_Task details_.
Write out word for word the lines from the one holding "Cook'S Bay Hotel" through the end of the data, and only those lines. Pictures stay out.

_Data block_.
•••••
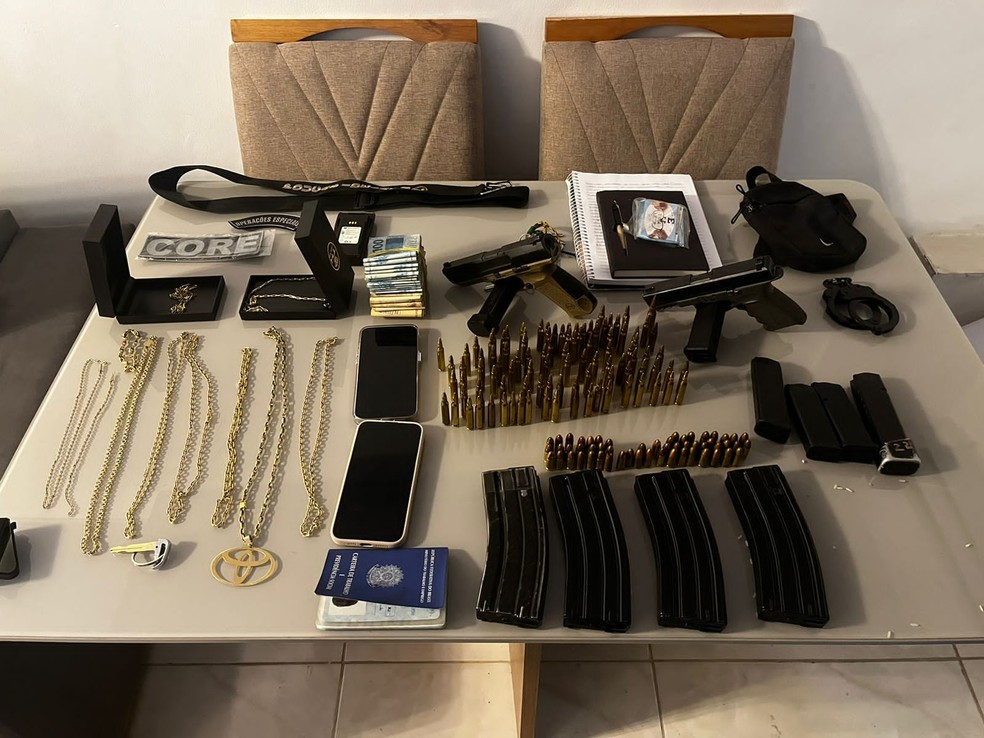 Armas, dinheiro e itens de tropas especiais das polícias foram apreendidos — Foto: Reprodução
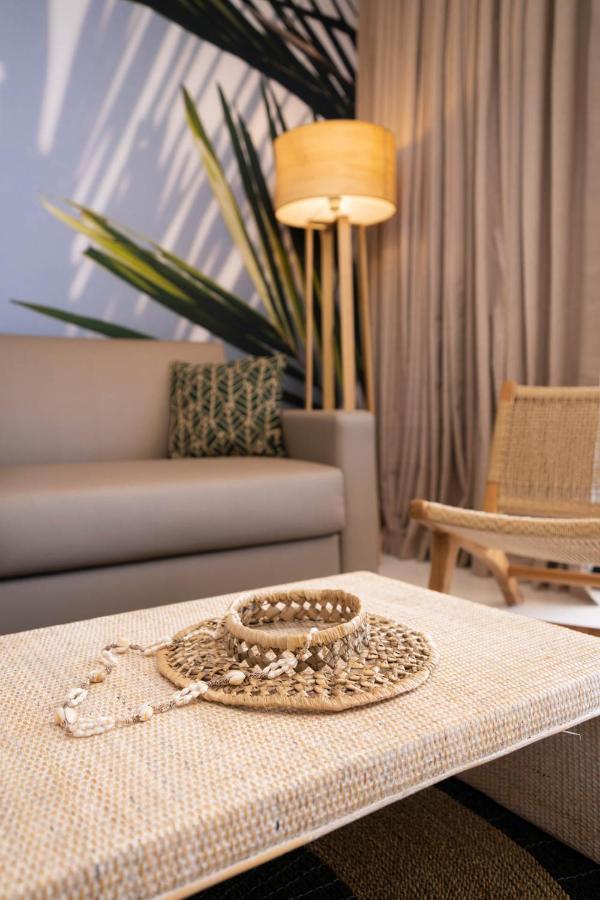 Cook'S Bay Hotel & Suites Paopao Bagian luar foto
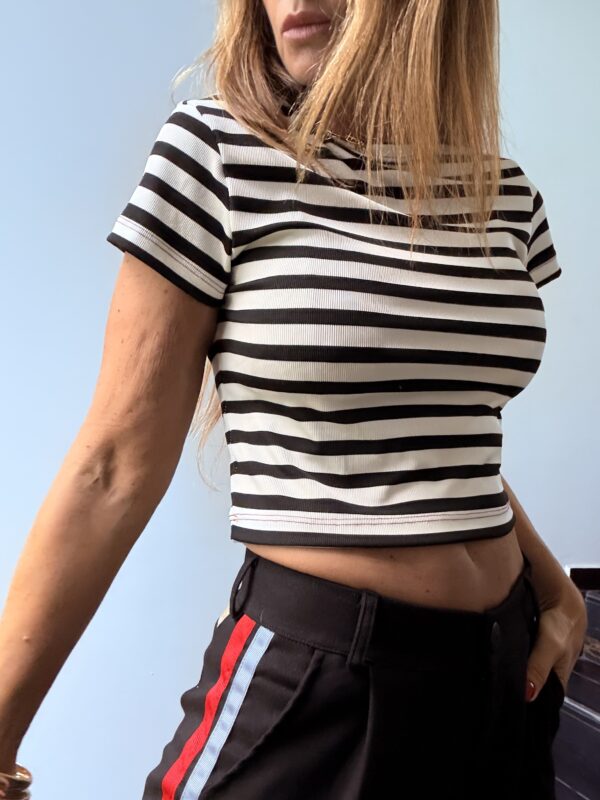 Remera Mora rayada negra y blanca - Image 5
•••••
_Output below_.
 Cook'S Bay Hotel & Suites Paopao Bagian luar foto
 Remera Mora rayada negra y blanca - Image 5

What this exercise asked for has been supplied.